▶ PROBLEM TO WORK ON
Although the data below contains pictures, output only the lines between those holding "Read Standard of" and "Moyuum Premium Multi-Purpose", inclusive, exactly and without those pictures.

···

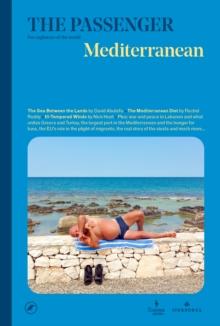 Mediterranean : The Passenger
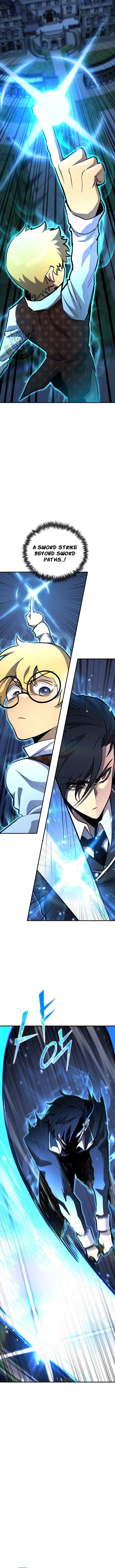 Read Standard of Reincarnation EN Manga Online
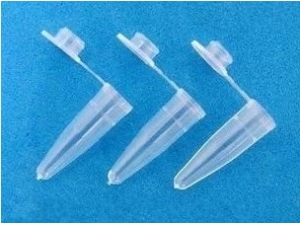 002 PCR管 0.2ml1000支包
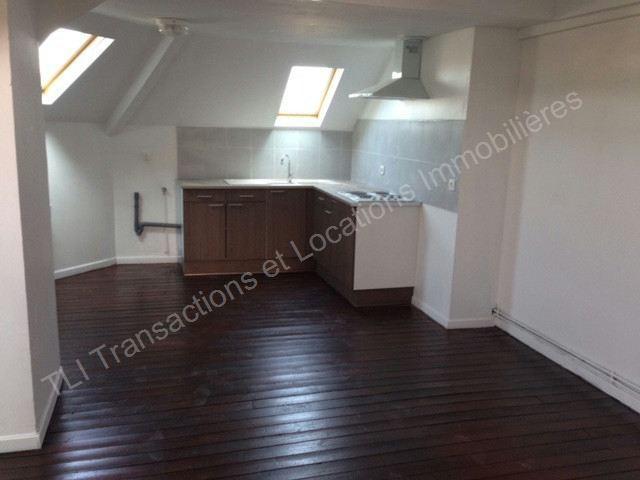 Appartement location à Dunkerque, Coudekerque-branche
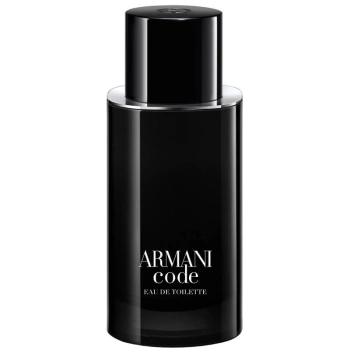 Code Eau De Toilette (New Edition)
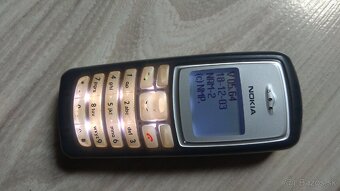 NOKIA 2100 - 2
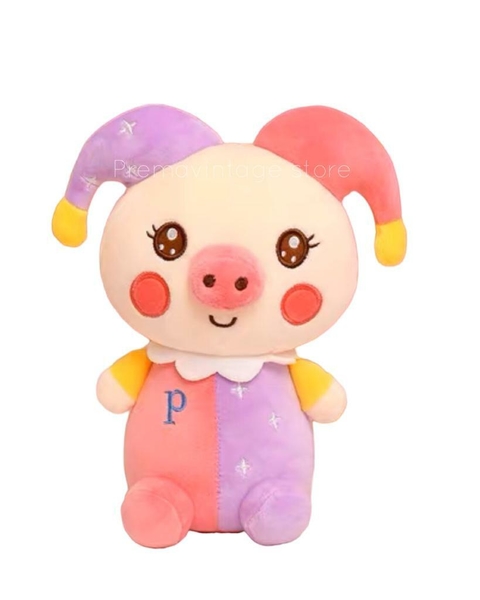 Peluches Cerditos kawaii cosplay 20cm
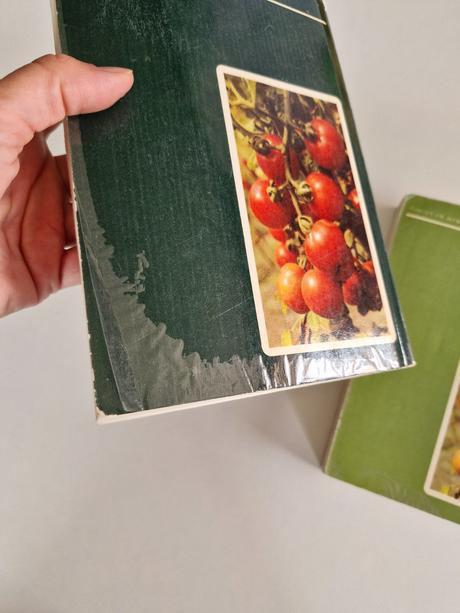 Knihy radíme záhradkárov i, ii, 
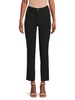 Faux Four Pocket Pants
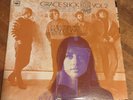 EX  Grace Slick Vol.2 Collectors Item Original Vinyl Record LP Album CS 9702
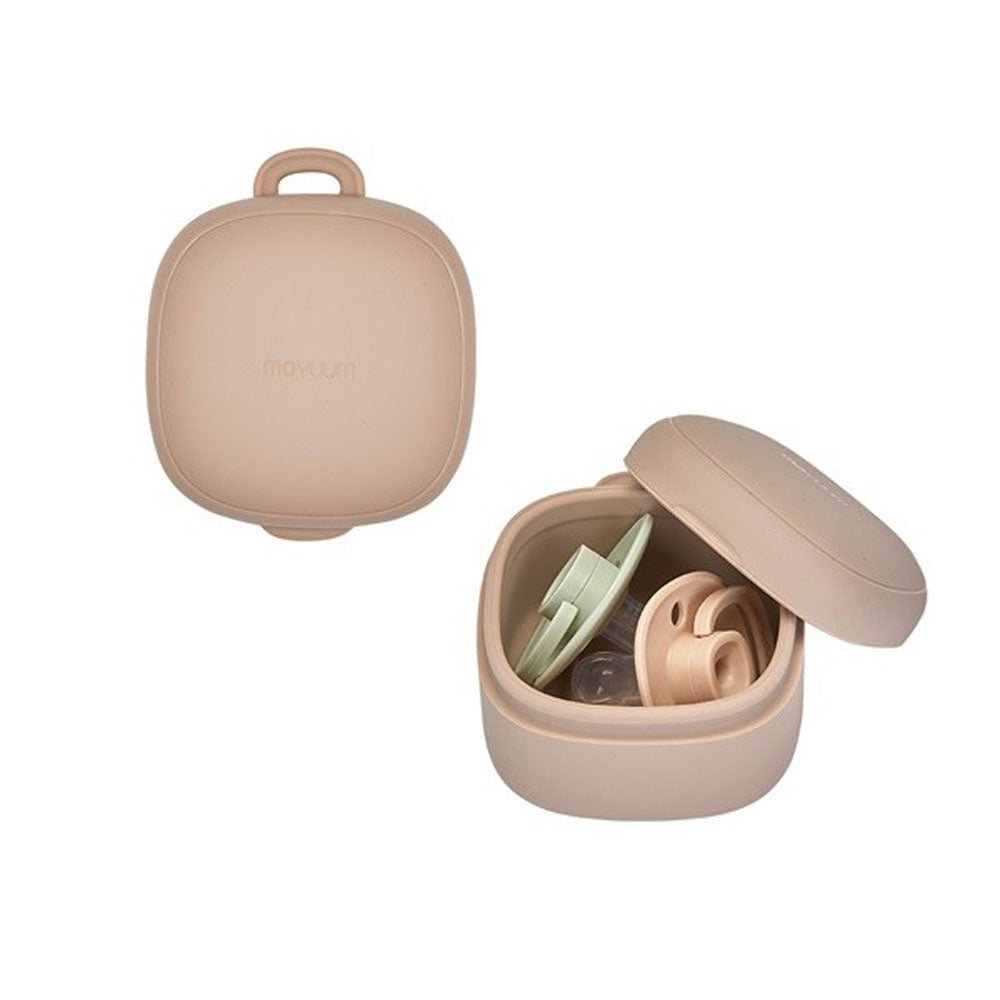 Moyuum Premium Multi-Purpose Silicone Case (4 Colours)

···

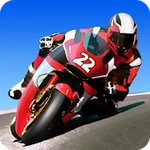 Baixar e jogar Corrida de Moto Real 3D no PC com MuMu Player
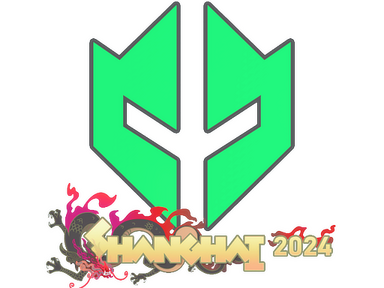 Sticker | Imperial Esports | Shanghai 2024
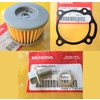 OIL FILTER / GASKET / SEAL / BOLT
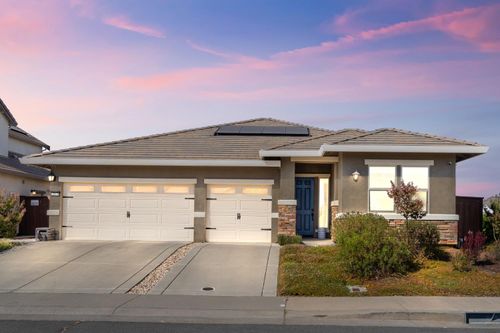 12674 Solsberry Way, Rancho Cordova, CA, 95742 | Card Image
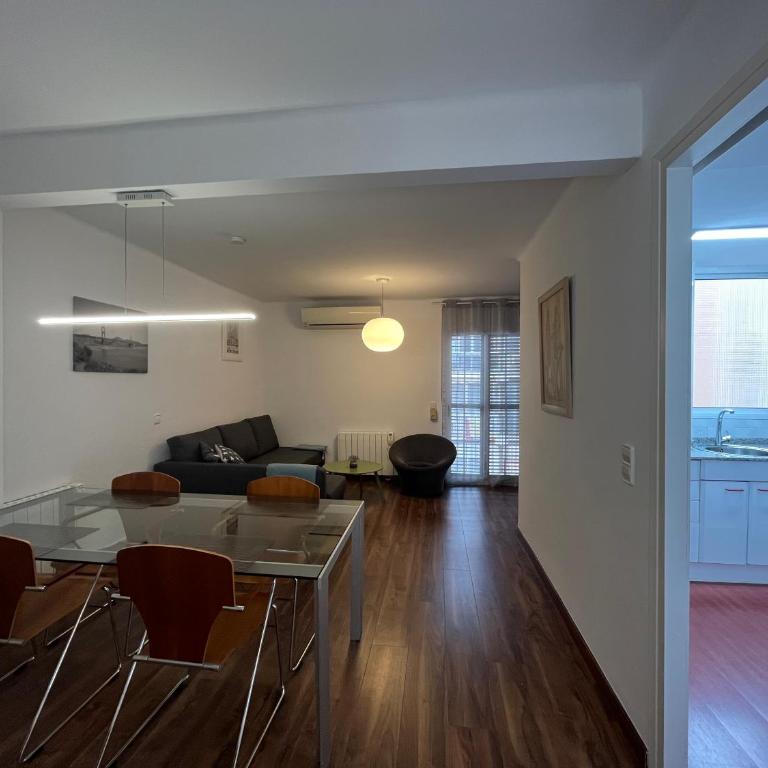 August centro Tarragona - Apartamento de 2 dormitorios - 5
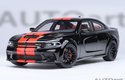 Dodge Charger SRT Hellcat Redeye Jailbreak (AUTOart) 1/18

···

▶ PROBLEM SOLUTION
 Read Standard of Reincarnation EN Manga Online
 002 PCR管 0.2ml1000支包
 Appartement location à Dunkerque, Coudekerque-branche
 Code Eau De Toilette (New Edition)
 NOKIA 2100 - 2
 Peluches Cerditos kawaii cosplay 20cm
 Knihy radíme záhradkárov i, ii, 
 Faux Four Pocket Pants
 EX  Grace Slick Vol.2 Collectors Item Original Vinyl Record LP Album CS 9702
 Moyuum Premium Multi-Purpose Silicone Case (4 Colours)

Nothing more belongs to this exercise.